§ Exercise goal
Would you please restate every record exactly as written?

Records for the exercise: Begin

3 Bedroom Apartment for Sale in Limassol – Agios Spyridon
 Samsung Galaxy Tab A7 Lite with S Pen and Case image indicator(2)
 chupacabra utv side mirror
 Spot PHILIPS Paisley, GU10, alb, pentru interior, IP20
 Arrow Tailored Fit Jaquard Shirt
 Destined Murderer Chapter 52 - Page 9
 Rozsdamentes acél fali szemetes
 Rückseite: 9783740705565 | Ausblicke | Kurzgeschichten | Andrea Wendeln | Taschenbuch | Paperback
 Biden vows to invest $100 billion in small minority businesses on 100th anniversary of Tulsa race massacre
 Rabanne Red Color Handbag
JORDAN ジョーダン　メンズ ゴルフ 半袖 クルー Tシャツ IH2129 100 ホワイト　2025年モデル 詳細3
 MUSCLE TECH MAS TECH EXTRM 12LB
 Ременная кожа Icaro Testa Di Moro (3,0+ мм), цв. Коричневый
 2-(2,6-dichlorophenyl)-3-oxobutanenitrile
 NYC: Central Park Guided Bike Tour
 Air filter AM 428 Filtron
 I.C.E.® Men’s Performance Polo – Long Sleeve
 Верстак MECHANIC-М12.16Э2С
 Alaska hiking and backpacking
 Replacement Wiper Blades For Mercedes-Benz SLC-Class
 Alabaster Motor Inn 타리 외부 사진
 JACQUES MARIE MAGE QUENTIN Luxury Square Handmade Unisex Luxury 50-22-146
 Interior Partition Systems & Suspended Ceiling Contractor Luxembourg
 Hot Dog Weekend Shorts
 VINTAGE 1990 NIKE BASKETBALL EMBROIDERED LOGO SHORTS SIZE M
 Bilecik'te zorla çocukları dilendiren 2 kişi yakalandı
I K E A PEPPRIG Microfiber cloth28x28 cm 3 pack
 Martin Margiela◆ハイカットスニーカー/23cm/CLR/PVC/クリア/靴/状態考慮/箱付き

Records for the exercise: End

§ Finished task
3 Bedroom Apartment for Sale in Limassol – Agios Spyridon
 Samsung Galaxy Tab A7 Lite with S Pen and Case image indicator(2)
 chupacabra utv side mirror
 Spot PHILIPS Paisley, GU10, alb, pentru interior, IP20
 Arrow Tailored Fit Jaquard Shirt
 Destined Murderer Chapter 52 - Page 9
 Rozsdamentes acél fali szemetes
 Rückseite: 9783740705565 | Ausblicke | Kurzgeschichten | Andrea Wendeln | Taschenbuch | Paperback
 Biden vows to invest $100 billion in small minority businesses on 100th anniversary of Tulsa race massacre
 Rabanne Red Color Handbag
JORDAN ジョーダン　メンズ ゴルフ 半袖 クルー Tシャツ IH2129 100 ホワイト　2025年モデル 詳細3
 MUSCLE TECH MAS TECH EXTRM 12LB
 Ременная кожа Icaro Testa Di Moro (3,0+ мм), цв. Коричневый
 2-(2,6-dichlorophenyl)-3-oxobutanenitrile
 NYC: Central Park Guided Bike Tour
 Air filter AM 428 Filtron
 I.C.E.® Men’s Performance Polo – Long Sleeve
 Верстак MECHANIC-М12.16Э2С
 Alaska hiking and backpacking
 Replacement Wiper Blades For Mercedes-Benz SLC-Class
 Alabaster Motor Inn 타리 외부 사진
 JACQUES MARIE MAGE QUENTIN Luxury Square Handmade Unisex Luxury 50-22-146
 Interior Partition Systems & Suspended Ceiling Contractor Luxembourg
 Hot Dog Weekend Shorts
 VINTAGE 1990 NIKE BASKETBALL EMBROIDERED LOGO SHORTS SIZE M
 Bilecik'te zorla çocukları dilendiren 2 kişi yakalandı
I K E A PEPPRIG Microfiber cloth28x28 cm 3 pack
 Martin Margiela◆ハイカットスニーカー/23cm/CLR/PVC/クリア/靴/状態考慮/箱付き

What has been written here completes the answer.